Monday, September 19, 2022

The last couple of years were very good for real estate owners with over 6 million existing homes selling at often record prices. Anyone who owned their home for more than a few years before selling walked away with a tidy profit.

Of course, buying a home is a complicated, multi-step process. One of the crucial steps is the property title search. These ensure that the sale won't create problems for the buyer later.

Without a reasonably clear title, most mortgage companies won't approve the loan.

That isn't to say that you won't see title exceptions. Not sure what a title exception is or how they affect real estate purchases? Keep reading for a quick overview.

What Are Title Exceptions?

When you have a title to a property, it essentially means that you have specific legal rights to the property, such as access or the right to build on the property. Ideally, when you buy a home, you get a clear title.

A clear title means that there are no specific limitations on your rights in regard to the property. Exceptions occur when a third party has some claim on the property.

Non-Problematic Exceptions

There are a number of non-problematic exceptions that you find on property titles that won't hinder a sale. One common exception is an easement. Easements let some other party use or access your property in some specific way.

For example, a utility company might get an easement to put up a utility pole on your property. If you built a second home on your property and sell it to your aging parents, they would get an easement to, for example, use the driveway.
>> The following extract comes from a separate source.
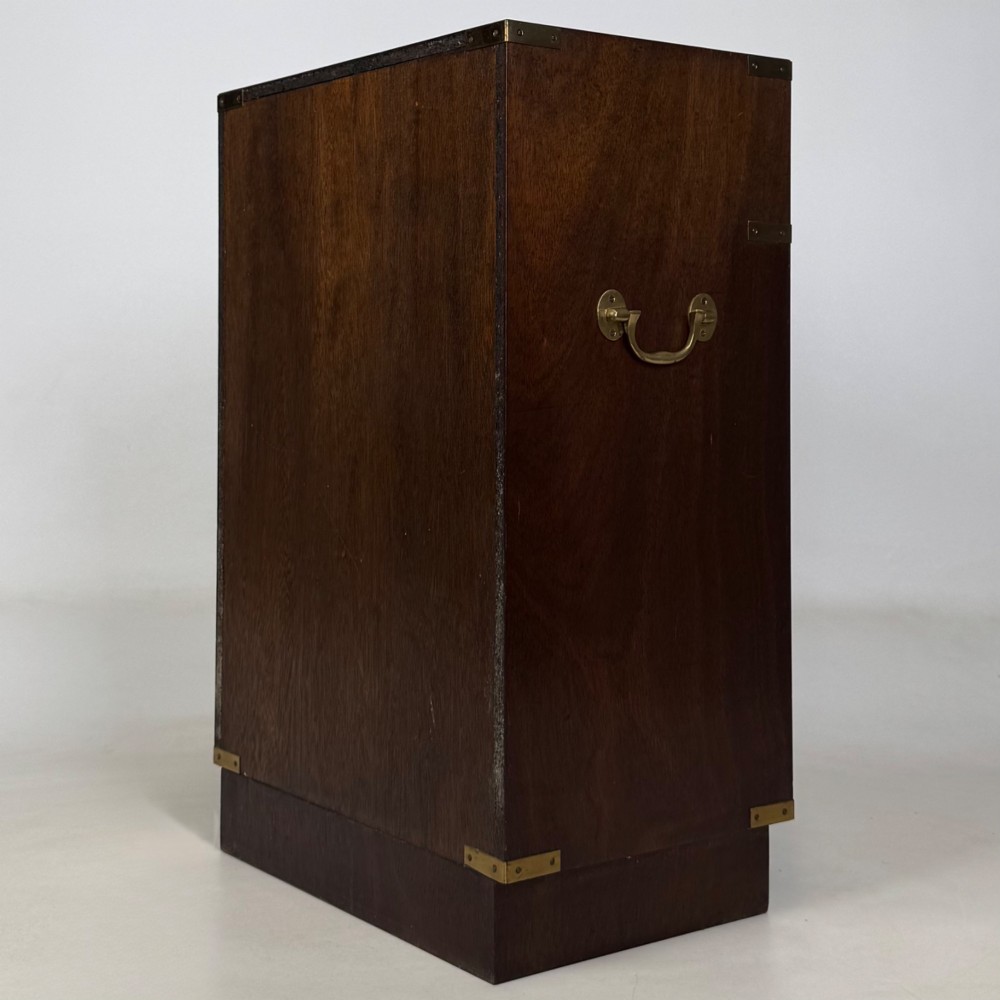 A dark mahogany campaign style cabinet featuring a single upper drawer with a flush brass handle, brass corner mounts, and two open lower shelves. View VII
Other non-problematic exceptions include water rights, mineral rights, and certain types of liens. If the current owner has a mortgage, the mortgage provider will have a lien that gets paid at the time of sale.

Problematic Exceptions

You can also see problematic exceptions attached to a title. Some common examples include:

  • Ongoing ownership disputes
  • Boundary disputes
  • Tax liens

Things like ongoing ownership or boundary disputes are problems a buyer doesn't want to inherit. Most mortgage companies insist that things like outstanding tax liens be resolved prior to the sale.

Protecting Yourself

Title searches are a good first step in protecting yourself and your investment, but they aren't foolproof. Many buyers will also invest in a title insurance policy to cover them if a title problem crops up after the sale.

Title Exceptions and You

The good news for most property buyers is that most title exceptions won't interfere with a sale. The catch is that you must accept those exceptions, such as easements with the utility company or the mineral use carve out.

If you're worried about problems down the road, you can protect yourself with title insurance. Most title insurance companies offer several versions with increasingly comprehensive coverage for potential problems.